Only the lines from the one holding "Interion® Pre-Configured Office" through the end of the records below are to be reproduced exactly, and pictures are to be omitted.

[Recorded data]
########
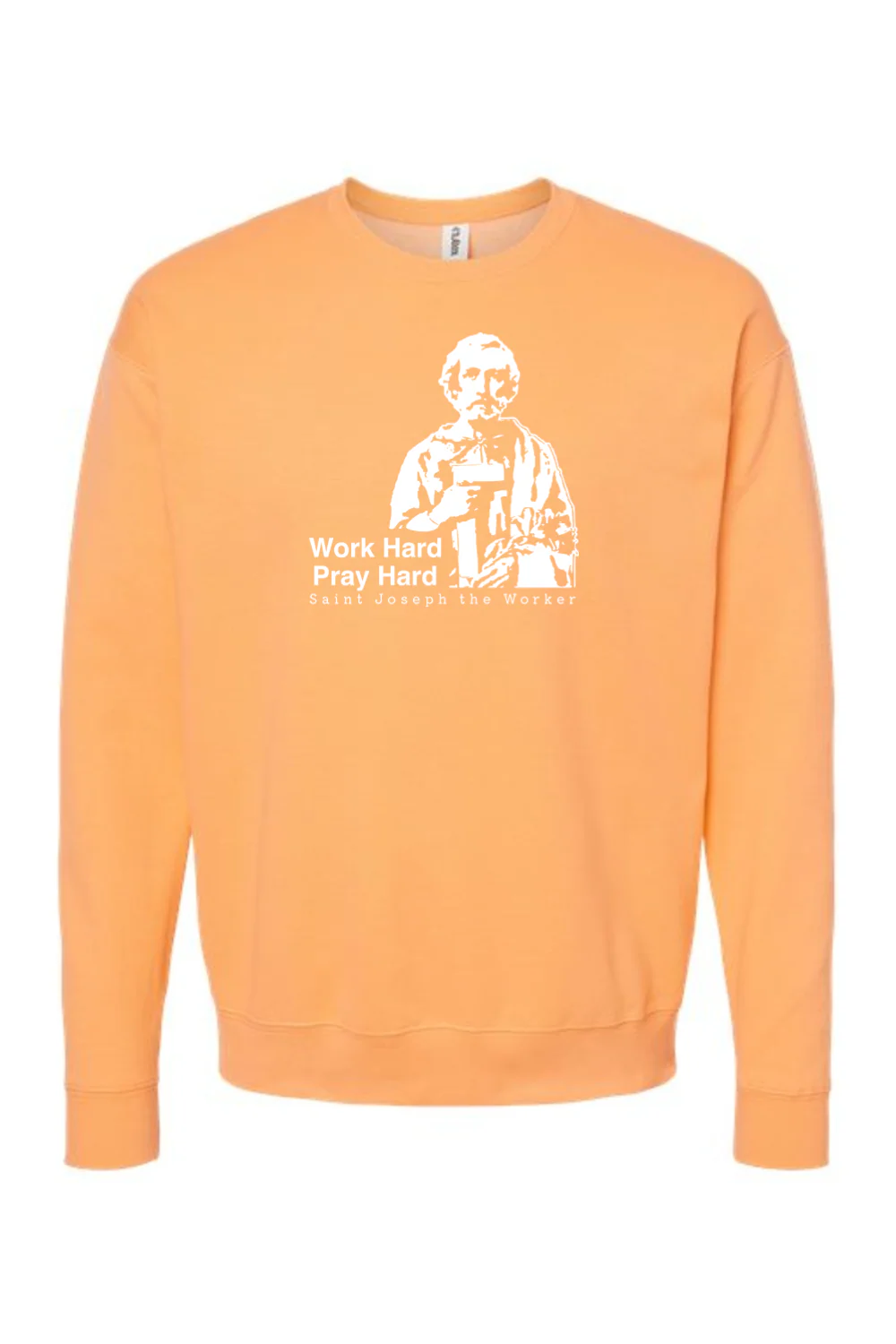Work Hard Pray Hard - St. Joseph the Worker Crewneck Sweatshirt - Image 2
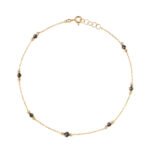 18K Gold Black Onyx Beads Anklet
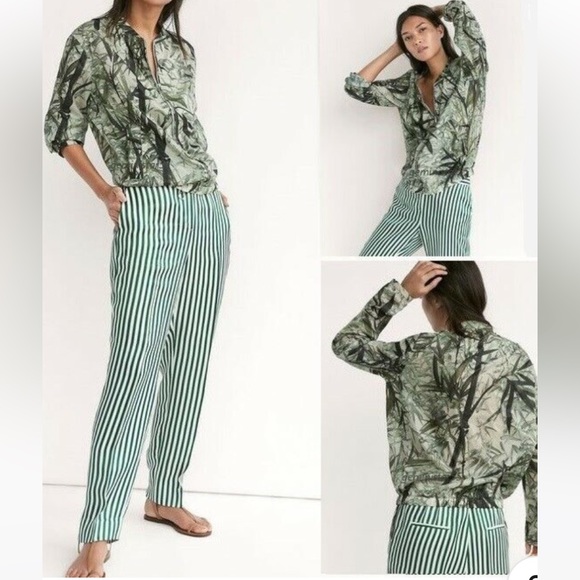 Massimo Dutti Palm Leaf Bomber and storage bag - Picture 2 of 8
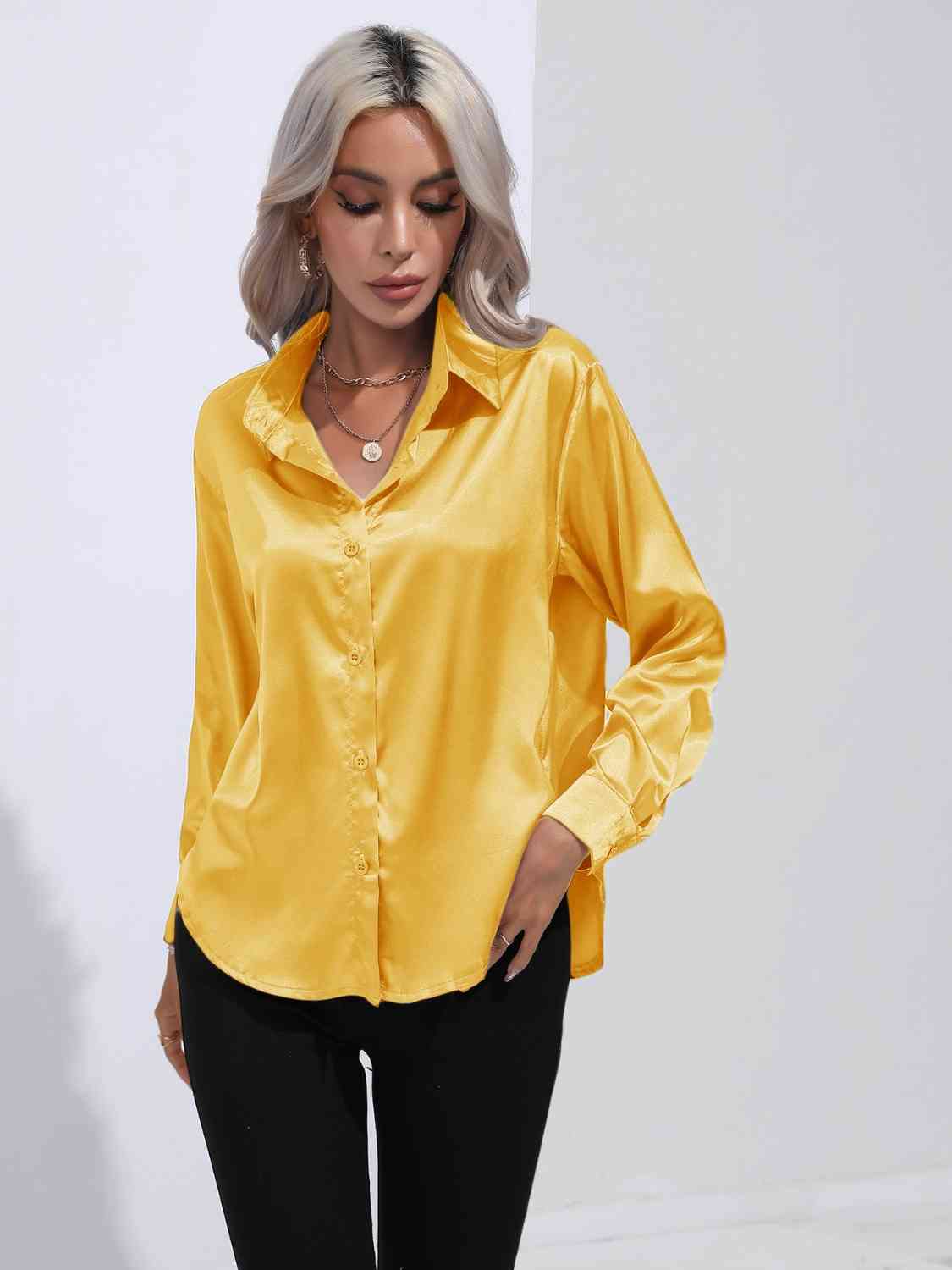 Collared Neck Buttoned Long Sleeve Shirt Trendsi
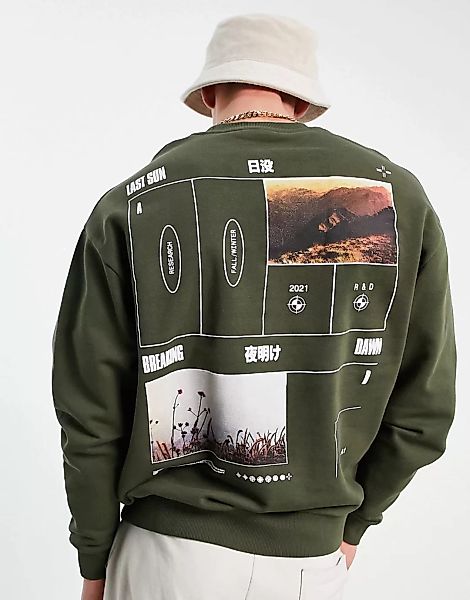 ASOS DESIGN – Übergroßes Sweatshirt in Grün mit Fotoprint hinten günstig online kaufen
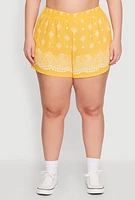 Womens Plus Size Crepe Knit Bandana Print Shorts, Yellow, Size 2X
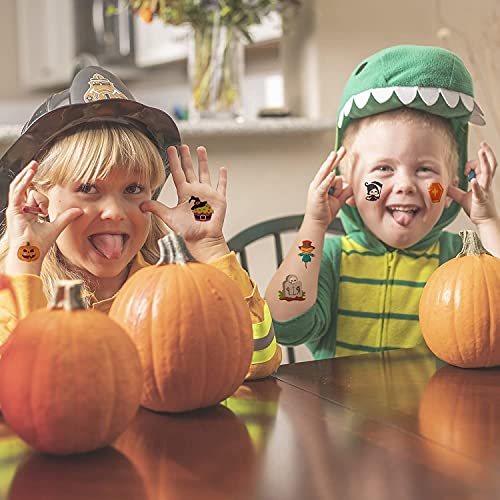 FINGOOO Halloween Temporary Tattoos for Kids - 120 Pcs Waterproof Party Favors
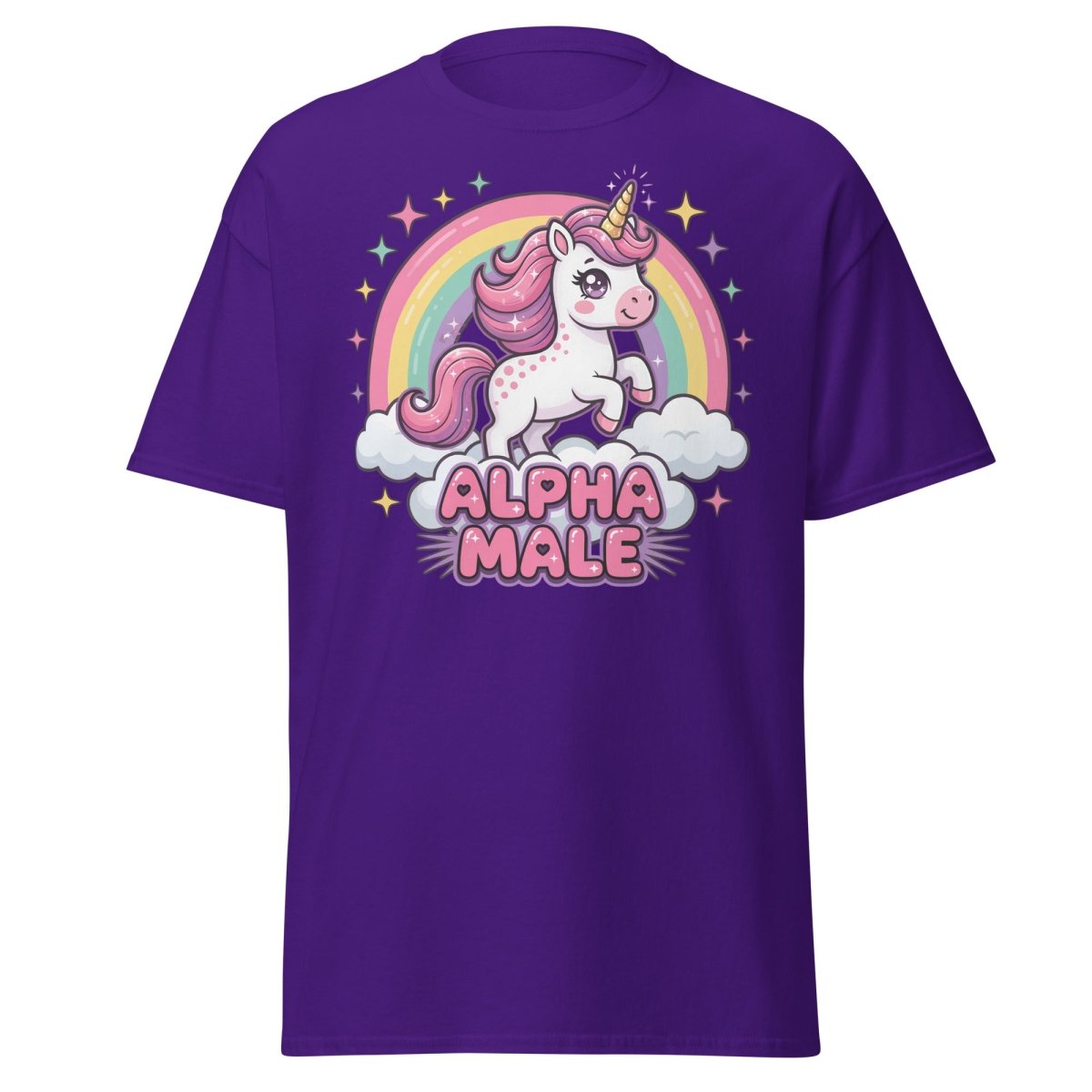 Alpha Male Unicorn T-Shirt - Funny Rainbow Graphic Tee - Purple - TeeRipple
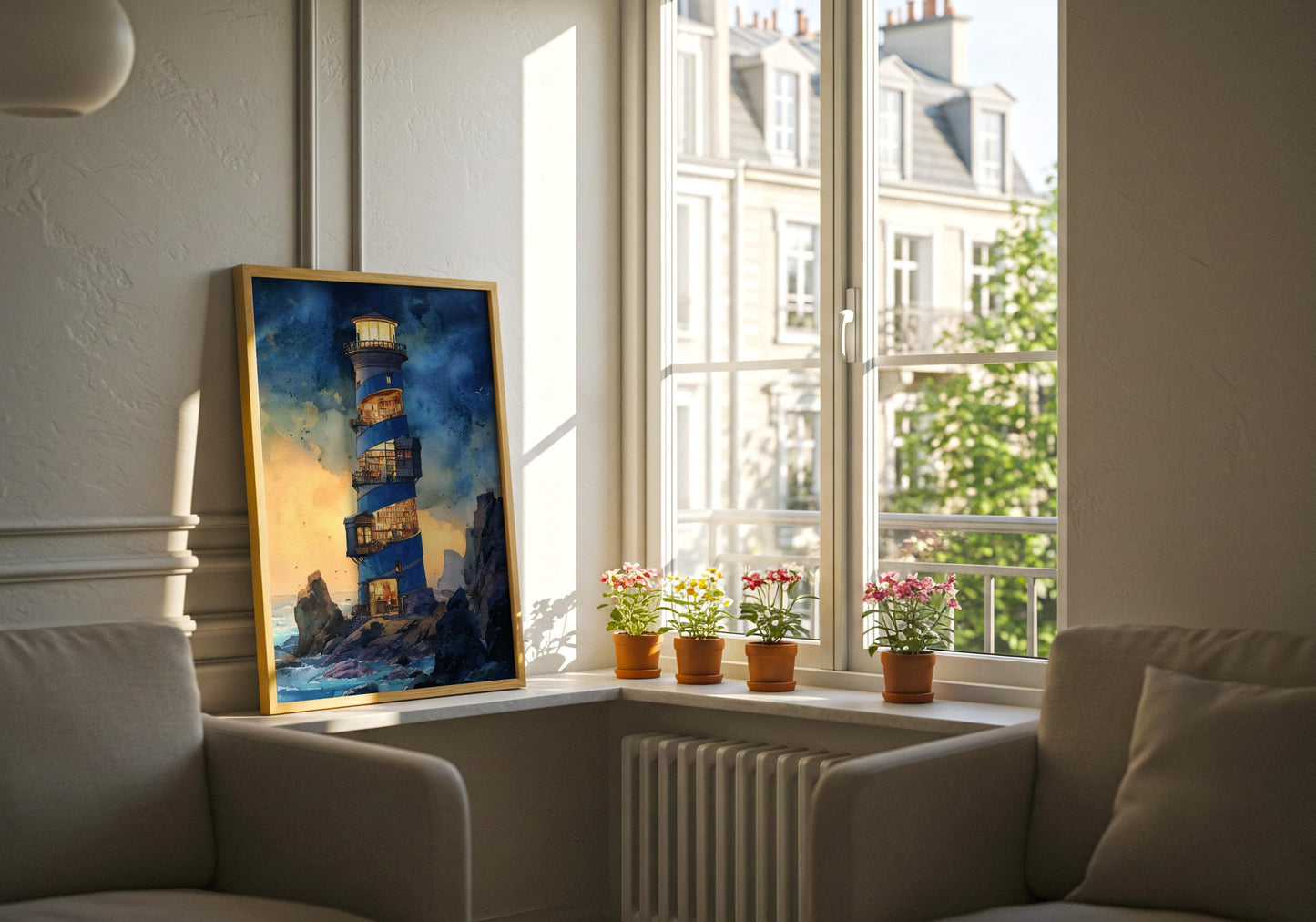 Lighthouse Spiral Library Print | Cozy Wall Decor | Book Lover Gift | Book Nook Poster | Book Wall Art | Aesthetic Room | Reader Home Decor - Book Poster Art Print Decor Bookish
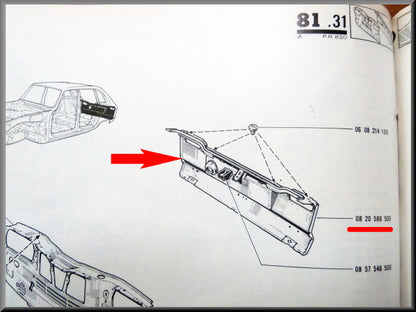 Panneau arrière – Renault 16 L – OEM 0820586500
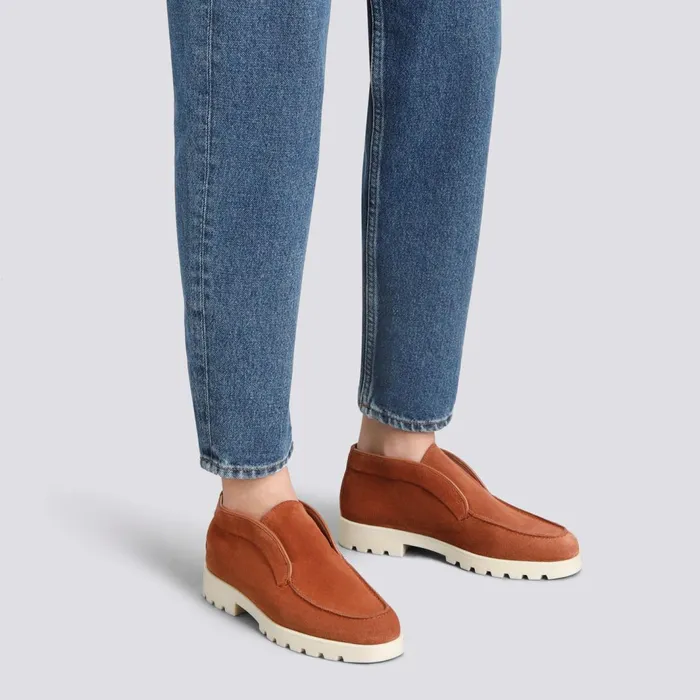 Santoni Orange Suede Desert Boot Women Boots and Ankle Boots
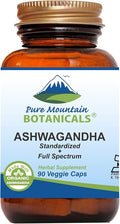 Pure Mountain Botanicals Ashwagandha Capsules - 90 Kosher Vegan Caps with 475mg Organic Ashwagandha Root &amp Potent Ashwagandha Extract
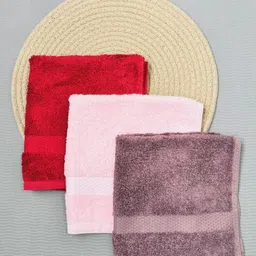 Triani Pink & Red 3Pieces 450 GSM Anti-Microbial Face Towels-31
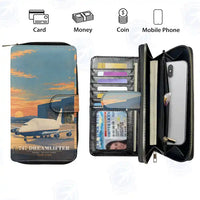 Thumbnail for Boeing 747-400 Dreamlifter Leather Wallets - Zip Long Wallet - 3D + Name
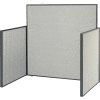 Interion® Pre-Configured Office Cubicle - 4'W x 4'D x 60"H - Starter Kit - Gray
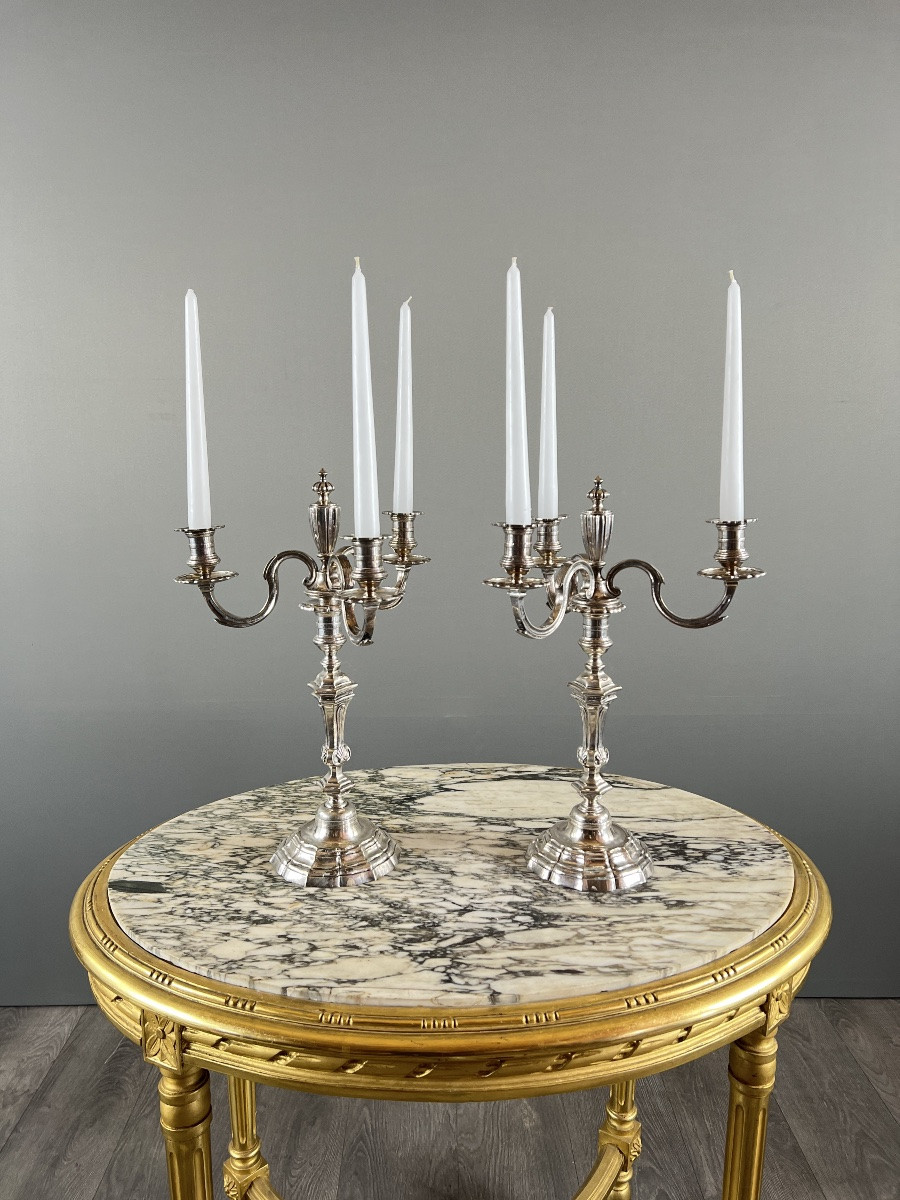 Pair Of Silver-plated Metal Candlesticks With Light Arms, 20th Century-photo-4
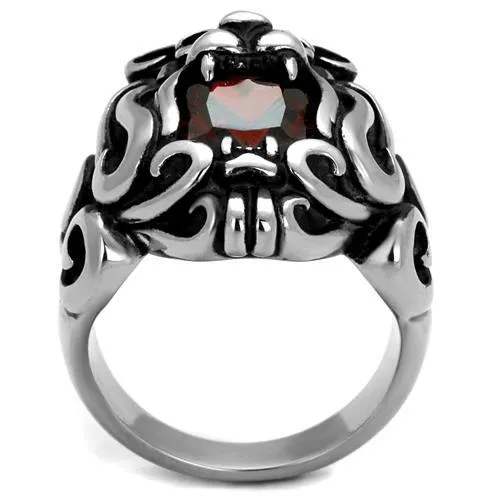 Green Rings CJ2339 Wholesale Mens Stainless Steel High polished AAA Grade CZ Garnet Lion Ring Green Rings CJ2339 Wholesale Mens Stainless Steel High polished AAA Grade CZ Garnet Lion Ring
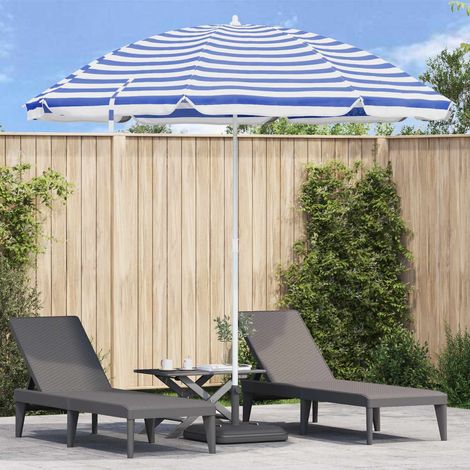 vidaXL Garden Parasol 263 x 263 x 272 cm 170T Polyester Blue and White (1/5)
########
• [Final answer]
 Interion® Pre-Configured Office Cubicle - 4'W x 4'D x 60"H - Starter Kit - Gray
 Pair Of Silver-plated Metal Candlesticks With Light Arms, 20th Century-photo-4
 Green Rings CJ2339 Wholesale Mens Stainless Steel High polished AAA Grade CZ Garnet Lion Ring Green Rings CJ2339 Wholesale Mens Stainless Steel High polished AAA Grade CZ Garnet Lion Ring
 vidaXL Garden Parasol 263 x 263 x 272 cm 170T Polyester Blue and White (1/5)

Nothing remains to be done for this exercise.